Nörobilim Psikoterapi Modus Operandi'yi Açıklamak İçin
Psikolojik bakımdaki muazzam ilerlemelere rağmen, araştırmacılar, psikoterapinin beyni etkilediği ve bir kişinin durumunu iyileştirdiği mekanizma konusunda hala belirsizdir.
Kaliforniya Üniversitesi, Los Angeles (UCLA) psikoloji profesörü Michelle Craske ve meslektaşları tarafından yapılan yeni bir çalışma olarak bu bilgi boşluğu daralabilir ve meslektaşları, psikoterapinin fayda sağladığı operasyonel yolu keşfetmeye çalışıyor.
Depresyon, şizofreni, travma sonrası stres bozukluğu, obsesif-kompulsif bozukluk ve yeme bozuklukları gibi ruh sağlığı bozuklukları dünya genelinde dört kişiden birini etkilediğinden, sorun dikkat çekicidir.
Craske, Cambridge Üniversitesi profesörü Emily Holmes ve Massachusetts Teknoloji Enstitüsü profesörü Ann Graybiel tarafından yapılan bir araştırmaya göre, psikolojik tedaviler "bu tür birçok durumu ele almak için en güçlü kanıt temelini taşıyor", ancak iyileştirilmeleri gerekiyor.
Makaleleri dergide çevrimiçi olarak bulunur Doğa.
Yaşam bilimcileri, bipolar bozukluk gibi bazı durumlar için psikolojik tedavilerin etkili olmadığını veya henüz emekleme döneminde olduğunu ve sinirbilimciler ile klinik bilim adamları arasındaki bir “kültür boşluğunun” akıl sağlığı tedavilerinin ilerlemesini engellediğini bildirdi.
Yazarlar, her iki disiplinden bilim insanlarını psikolojik bozuklukların anlaşılmasını ve tedavisini ilerletmek için birlikte çalışmaya çağırıyor.
Psikolojik tedavilerin, sinirbilimin duyguları ve davranışları anlamada yaptığı dramatik ilerlemelerden çok fazla yararlanmadığını söylüyorlar.
UCLA Koleji'nde öğretim üyesi olan Craske ve meslektaşları, bunun nedeni, nörobilimcilerin ve klinik bilim adamlarının "nadiren karşılaşmaları, nadiren birlikte çalışmaları, farklı dergiler okumaları ve birbirlerinin ihtiyaçlarını ve keşiflerini nispeten az bilmeleri" olabilir.

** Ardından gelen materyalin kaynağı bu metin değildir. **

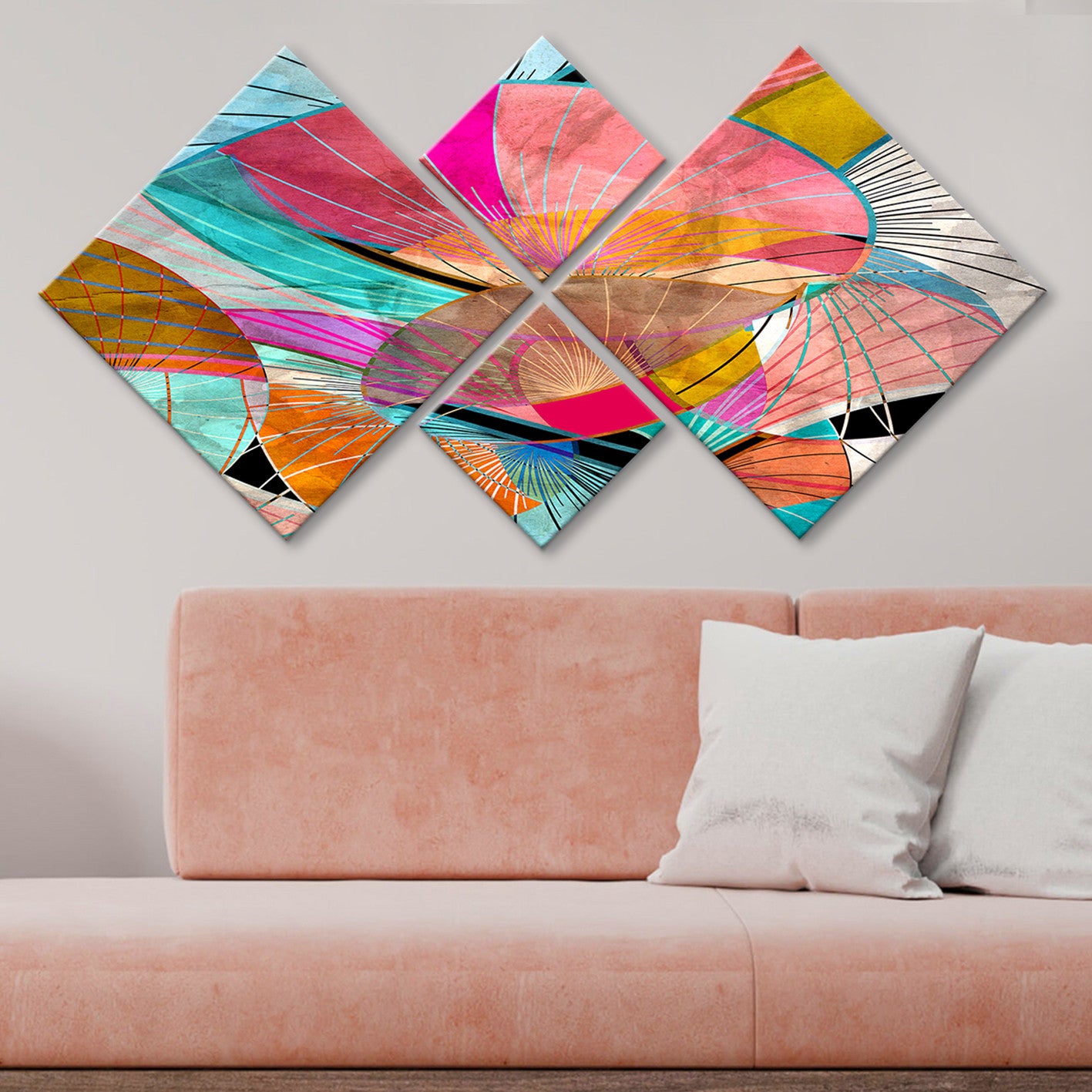 Conjunto Decorativo MDF Multicolor 4 Peças - Impressão UV Premium para Parede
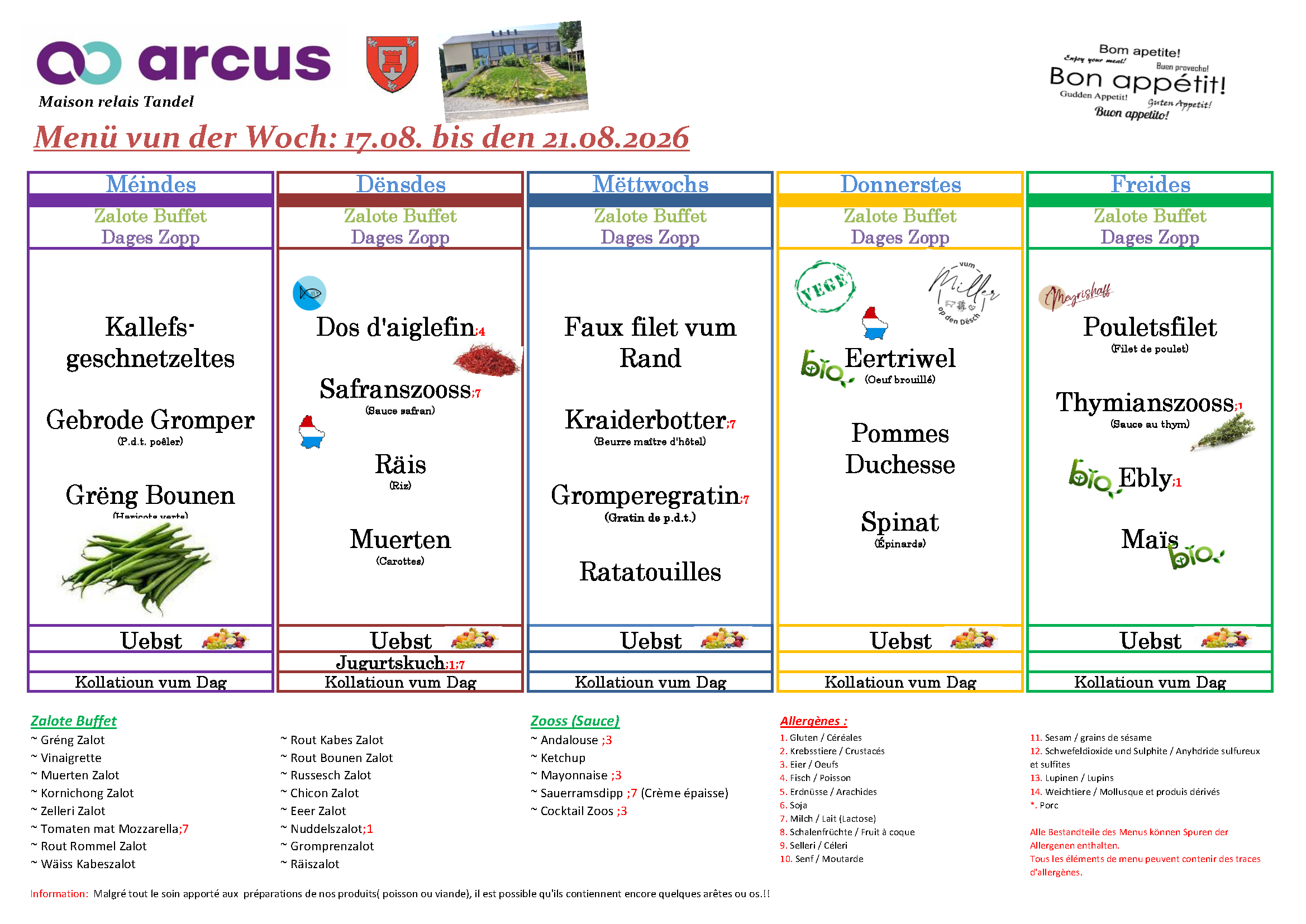 Menu de la semaine 34 (17.08.2026 - 21.08.2026)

Yazarlar, kültür boşluğunu kapatmak için adımları savunuyorlar. İlk olarak, mevcut psikolojik tedavilerin mekanizmalarını ortaya çıkarın.
Fobiler ve anksiyete bozuklukları için maruz kalma terapisi adı verilen çok etkili bir davranış tekniği olduğunu belirtiyorlar; hastalar korktuklarının düşündükleri kadar zararlı olmadığını öğrenirler ve korkularının nesnesinin tekrar tekrar varlığıyla korkuları büyük ölçüde azalır.
İkincisi, makale, sinirbilimin işlevsiz davranışı hafifletebilecek "eşi görülmemiş" içgörüler sağladığını belirtir - uygulayıcılar bu içgörüleri yeni ve geliştirilmiş psikolojik tedaviler oluşturmak için kullanabilir.
Üçüncüsü, yazarlar, yeni nesil klinik bilim adamları ve sinirbilimcilerin birlikte daha yakın çalışmaları gerektiğini vurguluyor. Her iki disiplinin faydalarını birleştirmek için “akıl sağlığı bilimi” adını verdikleri yeni bir şemsiye disiplin önermektedirler.
"Muazzam bir vaat var" sonucuna vardılar.
"Psikolojik tedaviler pek çokları için bir yaşam çizgisidir ve çok daha fazlası için olabilir."